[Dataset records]
● ● ● ● ●

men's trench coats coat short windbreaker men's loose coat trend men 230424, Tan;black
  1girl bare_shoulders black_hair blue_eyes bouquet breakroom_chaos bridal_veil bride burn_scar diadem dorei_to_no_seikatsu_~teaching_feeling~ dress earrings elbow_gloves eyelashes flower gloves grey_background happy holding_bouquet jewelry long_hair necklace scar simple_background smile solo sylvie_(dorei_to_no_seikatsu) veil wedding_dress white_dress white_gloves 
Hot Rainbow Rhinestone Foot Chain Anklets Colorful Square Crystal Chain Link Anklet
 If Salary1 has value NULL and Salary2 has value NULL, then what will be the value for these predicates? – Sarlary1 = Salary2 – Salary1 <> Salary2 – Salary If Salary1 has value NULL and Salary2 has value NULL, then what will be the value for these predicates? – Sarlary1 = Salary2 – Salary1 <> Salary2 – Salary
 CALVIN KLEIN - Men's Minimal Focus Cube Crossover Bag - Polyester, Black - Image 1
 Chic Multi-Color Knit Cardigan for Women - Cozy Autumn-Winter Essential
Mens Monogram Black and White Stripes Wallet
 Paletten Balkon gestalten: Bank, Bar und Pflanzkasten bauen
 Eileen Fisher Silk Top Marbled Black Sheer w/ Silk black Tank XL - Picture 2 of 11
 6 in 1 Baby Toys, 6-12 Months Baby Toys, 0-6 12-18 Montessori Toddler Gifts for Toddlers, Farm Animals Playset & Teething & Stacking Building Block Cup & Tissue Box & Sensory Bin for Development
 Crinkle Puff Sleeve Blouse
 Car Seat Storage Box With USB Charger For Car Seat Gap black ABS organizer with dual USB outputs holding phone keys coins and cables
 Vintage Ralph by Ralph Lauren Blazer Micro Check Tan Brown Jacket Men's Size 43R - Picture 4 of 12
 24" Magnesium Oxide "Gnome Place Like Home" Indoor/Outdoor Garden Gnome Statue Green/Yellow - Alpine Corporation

● ● ● ● ●

PROMPT: An exact copy of the lines above between the line holding "Eileen Fisher Silk" and the line holding "Car Seat Storage", inclusive, is the whole answer.

RESULT OF THIS TASK:
 Eileen Fisher Silk Top Marbled Black Sheer w/ Silk black Tank XL - Picture 2 of 11
 6 in 1 Baby Toys, 6-12 Months Baby Toys, 0-6 12-18 Montessori Toddler Gifts for Toddlers, Farm Animals Playset & Teething & Stacking Building Block Cup & Tissue Box & Sensory Bin for Development
 Crinkle Puff Sleeve Blouse
 Car Seat Storage Box With USB Charger For Car Seat Gap black ABS organizer with dual USB outputs holding phone keys coins and cables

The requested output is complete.